La scrittura di tipo sudarabico (o meglio sud-semitico: un alfabeto di 28/29 segni ben distinti, oltre che nella forma, nel loro valore fonetico) si diffuse con diverse varianti in epoca preislamica fra tutte le popolazioni della Penisola Araba fino all'area siro-giordana a nord (graffiti safaitici), e all'Africa Orientale a sud (alfabeto etiopico), mantenendo in genere il carattere di scrittura non-corsiva: le lettere sono sempre staccate e non mutano forma a seconda della posizione nella parola.
La cosa apparentemente anomala è che all'origine della scrittura araba (corsiva) non vi è il modello sudarabico (o sud-semitico) bensì quello nabateo: si tratta di una variante della scrittura aramaica, corsivizzante non solo nei suoi esempi su papiro ma anche in quelli epigrafici su pietra.
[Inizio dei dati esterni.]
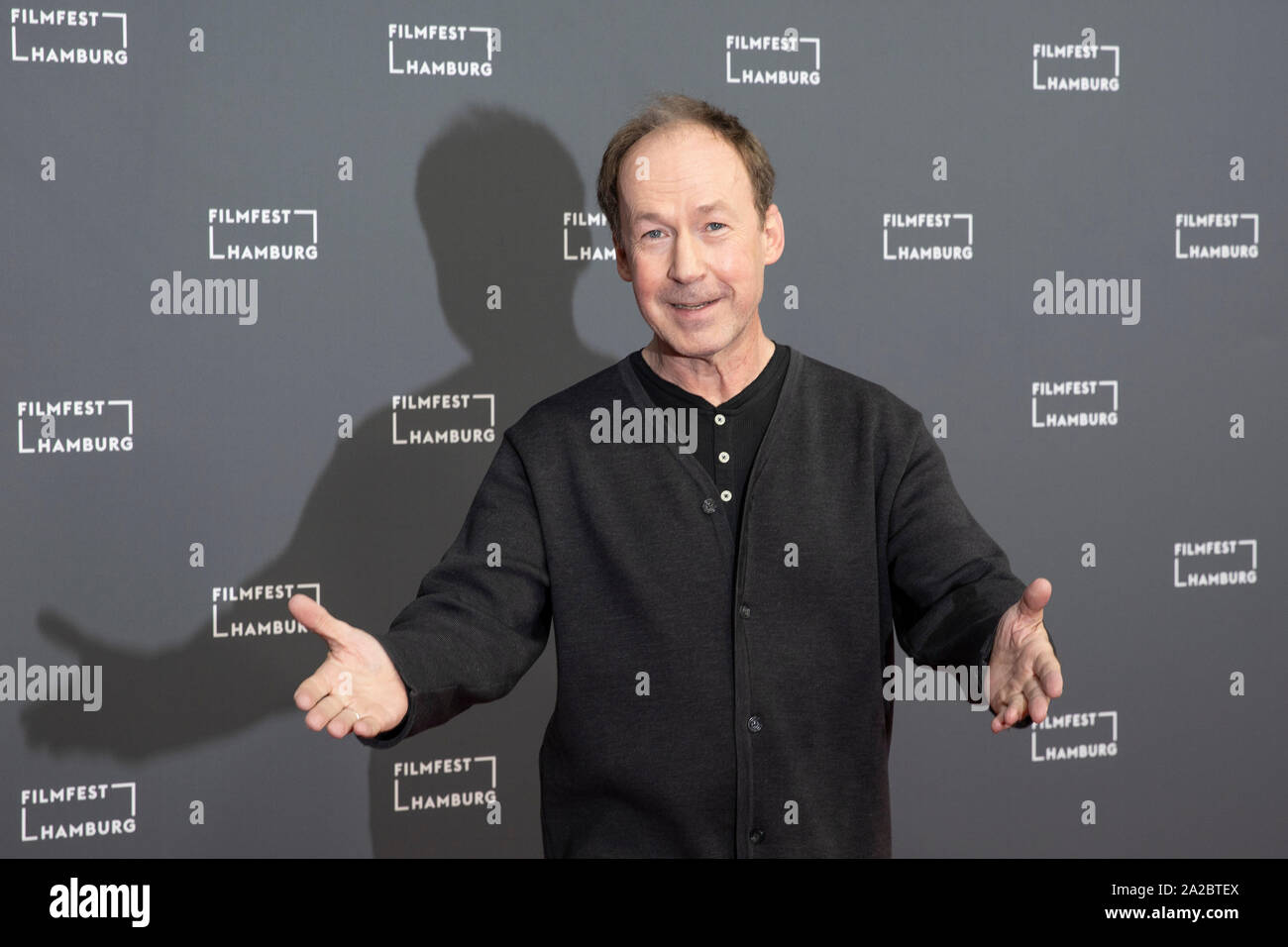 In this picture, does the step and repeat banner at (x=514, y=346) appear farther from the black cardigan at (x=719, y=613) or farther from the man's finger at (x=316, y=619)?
the man's finger at (x=316, y=619)

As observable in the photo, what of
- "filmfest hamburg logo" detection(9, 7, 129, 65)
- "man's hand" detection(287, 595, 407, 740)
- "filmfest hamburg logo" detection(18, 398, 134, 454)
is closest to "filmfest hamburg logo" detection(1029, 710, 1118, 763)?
"man's hand" detection(287, 595, 407, 740)

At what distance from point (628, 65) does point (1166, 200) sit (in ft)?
4.03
Le lettere nabatee mostrano legature e varianti di forma (poste sia sopra che sotto il rigo ideale della scrittura) che anticipano quelle tipiche della scrittura araba. Gli studi più recenti (cfr. G.Lacerenza 1994) hanno dimostrato che l'incisione su pietra delle iscrizioni monumentali nabatee avveniva prima attraverso un tracciato di puntini -- probabilmente mediante un trapano -- poi legati da successive incisioni. Un metodo sicuramente poco pratico, ma che consentiva di mantenere il corsivo anche per la scrittura su pietra.
Significativo è invece che altre scritture aramaiche coeve (siriaco, palmireno, cristiano-palestinese, ecc.) mantenevano una versione a stampatello, cioè con le lettere staccate, per le iscrizioni monumetali, mentre sviluppavano il corsivo per i manoscritti su papiro o pergamena.
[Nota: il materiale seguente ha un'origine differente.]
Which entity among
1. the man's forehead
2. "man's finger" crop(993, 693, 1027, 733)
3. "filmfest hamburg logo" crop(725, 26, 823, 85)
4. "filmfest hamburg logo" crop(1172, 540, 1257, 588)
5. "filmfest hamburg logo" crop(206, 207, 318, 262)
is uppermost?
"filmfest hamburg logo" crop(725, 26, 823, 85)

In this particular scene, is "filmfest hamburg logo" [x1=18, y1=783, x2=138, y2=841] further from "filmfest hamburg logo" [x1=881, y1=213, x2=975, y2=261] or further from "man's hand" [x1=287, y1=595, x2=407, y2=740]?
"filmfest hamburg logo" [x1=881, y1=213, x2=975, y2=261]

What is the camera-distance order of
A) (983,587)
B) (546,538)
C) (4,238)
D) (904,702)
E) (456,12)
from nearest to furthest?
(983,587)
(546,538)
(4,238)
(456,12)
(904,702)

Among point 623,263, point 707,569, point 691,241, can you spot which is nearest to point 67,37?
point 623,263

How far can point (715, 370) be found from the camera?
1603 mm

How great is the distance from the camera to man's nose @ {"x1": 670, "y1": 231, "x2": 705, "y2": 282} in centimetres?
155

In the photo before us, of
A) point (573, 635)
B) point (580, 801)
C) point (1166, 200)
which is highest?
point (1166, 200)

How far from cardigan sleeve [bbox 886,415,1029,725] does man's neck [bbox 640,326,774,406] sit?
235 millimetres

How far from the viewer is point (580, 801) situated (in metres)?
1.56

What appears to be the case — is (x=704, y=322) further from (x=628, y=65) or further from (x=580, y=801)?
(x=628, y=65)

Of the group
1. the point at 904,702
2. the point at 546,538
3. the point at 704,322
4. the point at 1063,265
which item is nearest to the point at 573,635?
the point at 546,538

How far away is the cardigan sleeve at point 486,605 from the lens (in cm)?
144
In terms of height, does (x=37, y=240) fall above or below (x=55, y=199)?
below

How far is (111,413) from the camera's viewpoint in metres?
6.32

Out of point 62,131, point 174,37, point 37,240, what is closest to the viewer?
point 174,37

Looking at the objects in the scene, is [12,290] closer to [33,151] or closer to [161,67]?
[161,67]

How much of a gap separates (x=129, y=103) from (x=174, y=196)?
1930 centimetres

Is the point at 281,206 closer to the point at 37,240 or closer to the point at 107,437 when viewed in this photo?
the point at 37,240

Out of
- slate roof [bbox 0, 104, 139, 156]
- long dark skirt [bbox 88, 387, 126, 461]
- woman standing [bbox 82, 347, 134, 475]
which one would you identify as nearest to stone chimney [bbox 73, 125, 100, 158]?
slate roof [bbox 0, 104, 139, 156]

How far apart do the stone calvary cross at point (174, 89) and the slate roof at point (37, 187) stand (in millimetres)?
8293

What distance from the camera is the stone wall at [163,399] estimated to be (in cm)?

Evidentemente gli arabi, in epoca preislamica, acquisirono la scrittura corsiva dai nabatei, ovvero, per essere più esatti, ne continuarono la tradizione scrittoria, e la praticarono (sviluppandone una variante propria) principalmente con penna e inchiostro, piuttosto che in iscrizioni.
Ma -- e qui sta il punto, che di fatto dimostra una ideale continuità con la tradizione nabatea -- la stessa scrittura corsiva venne applicata dopo l'avvento dell'islam anche per le scritture monumentali, fin dal primo secolo dell'egira (2).